Tovalen had inherited the court at twenty-one. He had kept his mother's liturgy. He had kept the chapel. He had kept the Schism's old anniversaries on the calendar. But he had, very quietly across two decades, stopped requiring the confession of faith of new officers, and then of old ones, and then of his own household, and at last of himself. The kingdom was, by the chronicle's beginning, a court of nominal faith, in form a religious principality, in practice a small lake-shore polity whose chapel was open every morning and was attended, on most mornings, by no one.

Interior

He did not regret the slow drift. He thought he had governed honestly: a believing court that was no longer believing was a worse kind of dishonesty than a court that had quietly let the requirement lapse. But he was not, the chronicler is careful to record, comfortable. He had spent his middle years building an administrative life that did not require an answer to the question his mother had built her court around, and he had, in those same years, become the kind of man who knew exactly where the question lived in his own head and refused to look at it directly.

He had hand-picked Kira Morrow as his spymaster precisely because she had no faith. He had hired her, he sometimes told himself, for her clarity. He had hired her, the chronicler suggests, because she could see what he had decided not to.

Stance toward the chronicle

When Aelinna's letter arrived in S8 — sealed in his mother's wax, a wax he had not seen for eight years — he read it twice and did not call for his spymaster. He did not, in the moment of reading, decide. He sat with the letter for an hour and then went to his chapel for the first time in two seasons and stood inside it, alone, and did not pray. He came out and called Kira.

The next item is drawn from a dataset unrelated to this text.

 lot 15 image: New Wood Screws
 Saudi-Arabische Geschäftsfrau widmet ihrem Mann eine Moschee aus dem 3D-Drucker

From that point onward, Tovalen acted not as a believer but as a ruler who had decided, against his own preference, that the question his mother had asked could no longer be set aside. When Vornholt's two-year-old certainty arrived in S12, in the form of a small carved figurine of a man at a working table, he held the figurine for an hour without putting it down. The chronicler implies, without saying, that this was the closest he came to faith again — the moment at which a prince who had stopped believing held, in his hand, another kingdom's already-finished belief, and felt the weight of what he had refused to weigh.

He aligned Caedrin formally with Krypton in S17. He did not, that day, restore his mother's confession of faith. He did not need to. The kingdom, by then, was being measured by its acts.